Afastamo-nos politicamente de Portugal e passamos a girar sob a influência econômica inglesa, que era a maior potência militar daqueles tempos, após a derrota de Napoleão em Waterloo. Dava-se, assim, seguimento à política de Canning, Primeiro-Ministro britânico que entendia que a única fórmula capaz de colocar a América Latina em suas mãos era estimular a independência dos seus vários países, tanto de Portugal, como da Espanha. Raciocinava ele que seria humanamente impossível a Inglaterra espalhar seus exércitos conquistadores e dominadores pela imensidão deste continente. Seria muito mais prático, mais lógico e muito mais eficiente animar e entusiasmar o gentio para lutar heroicamente nas praias em defesa de sua “liberdade”, mesmo que essa liberdade fosse apenas aparente, pois no final não estaria havendo senão um novo tipo de colonialismo, que anos mais tarde passou a ser designado como “neocolonialismo”.

A partir de então, como a Inglaterra tinha interesse em nos vender aço, locomotivas e carvão, nosso sistema ferroviário ampliou-se. Nos princípios deste século possuíamos uma estrada de ferro ligando Nova Venécia a São Mateus; foi construída a Madeira-Mamoré, em plena selva amazônica; a Leopoldina, ligando Vitória ao Rio, Minas ao Rio e Rio a São Paulo, etc.

Passado algum tempo, mudando-se o eixo do poder na política internacional, os Estados Unidos queriam nos abastecer de petróleo – comprado dos árabes a preço de banana – asfalto e veículos automotores.
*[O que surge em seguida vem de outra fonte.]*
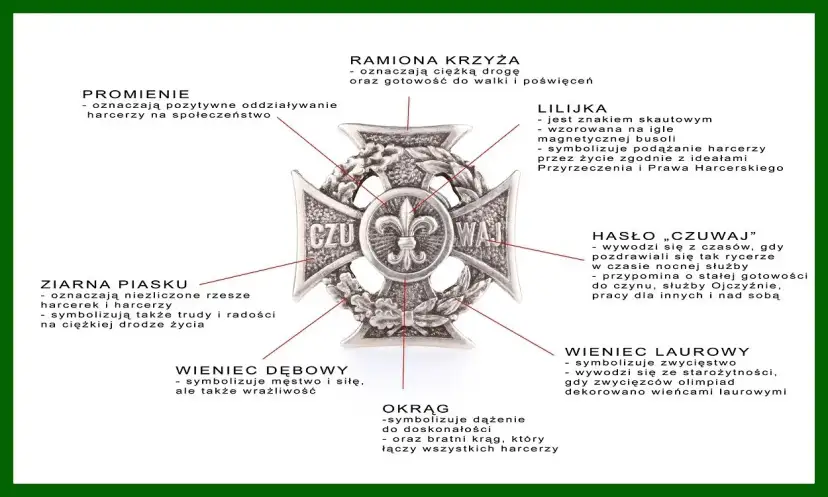 Krzyż Harcerski: symbolika, której brakuje w kościele? Odkryj prawdę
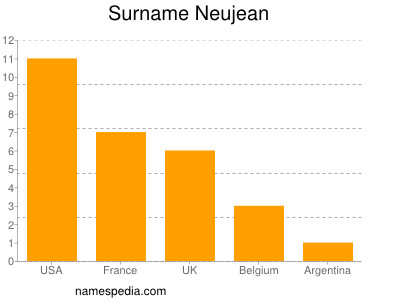 Familiennamen Neujean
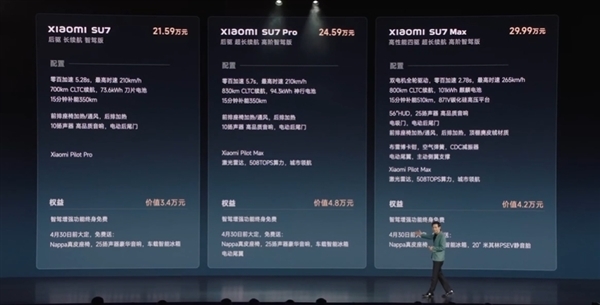 小米汽車：SU7暫無(wú)任何官方優(yōu)惠政策 千萬(wàn)別信！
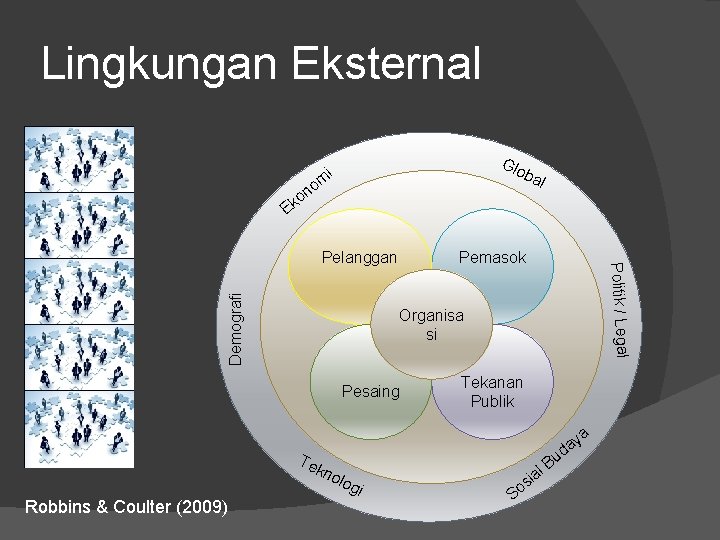 Lingkungan Eksternal Glo ba i om n o Ek l Demografi Pemasok Organisa si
Aí nosso transporte rodoviário expandiu-se. Chegamos ao ponto de mandar banha, por caminhão, do Rio Grande do Sul para Pernambuco e Pará. O consumo atingiu tal ponto, tanto em veículos de transporte como de passeio, que o Governo Federal teve que adotar medidas restritivas ao consumo.

Em todo mundo utiliza-se em primeiro lugar o frete marítimo; em segundo lugar o ferroviário; e só em terceiro lugar está o rodoviário, por ser o mais caro. Aqui nunca deixamos de fazer o contrário: colocamos em primeiro lugar o rodoviário, em segundo o ferroviário, largando o marítimo para meia dúzia de “chocadeiras” do Loide Brasileiro, que levavam três meses para ir do Rio de Janeiro a Salvador.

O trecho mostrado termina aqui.